Most instructions take their parameters as SSA values. The exceptions are lci/lcf/lcd which take immediate constants and jump-labels which must be labels returned by Proc::newLabel(). For instructions with output values, the methods return the new SSA values and other instructions return void.

Next you can either call Proc::compile() to obtain native code, or you can create a bjit::Module and pass the Proc to Module::compile() which will return an index. Either of these can take an "optimization level" (default: 1) that can be 0 for DCE-only, 1 for "safe" or 2 to allow "unsafe" optimizations (eg. "fast-math" floating-point, allow exceptions from integer div-by-zero to occur earlier/later than expected, etc; essentially slighly more stuff is treated as "undefined behaviour").
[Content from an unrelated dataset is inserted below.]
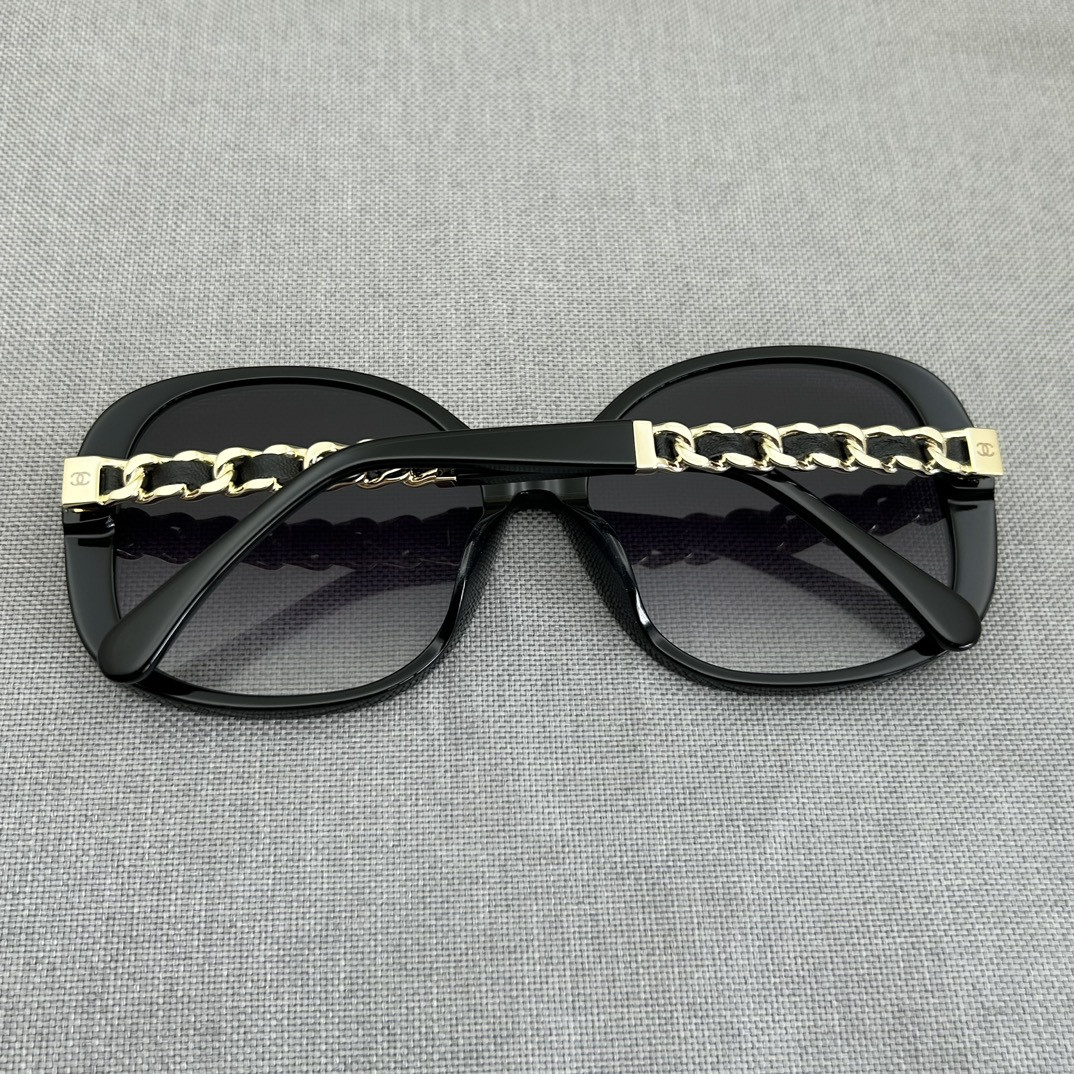 Chanel Glasses 5470-Q 57-17-140 - Image 3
Multiple procedures can be compiled into the same module. See below on how procedures can call each other or external functions. Module::load() will load the module into executable memory and Module::unload() will unload it. A module can be loaded and unloaded multiple times. Additional procedures can be compiled at any time, but they will not be loaded until the Module is either reloaded or module is hot-patched with Module::patch() (see bjit.h for details).

When a Module is loaded call Module::getPointer<T>() with an index returned by Module::compile() to get a pointer to your function (with T being the type of the function; we don't check this, we just typecast for you). See one of the tests (eg. tests/test_add_ii.cpp) for an example.

Instructions expect their parameter types to be correct. Passing floating-point values to instructions that expect integer values or vice versa will result in undefined behaviour (ie. invalid code or BJIT_ASSERT; the latter will either call assert or throw bjit::internal_error depending on whether compiled with exceptions). Exceptions should not leak memory, but if you catch an exception, then you should assume that the throwing Proc (or Module) is no longer in consistent state.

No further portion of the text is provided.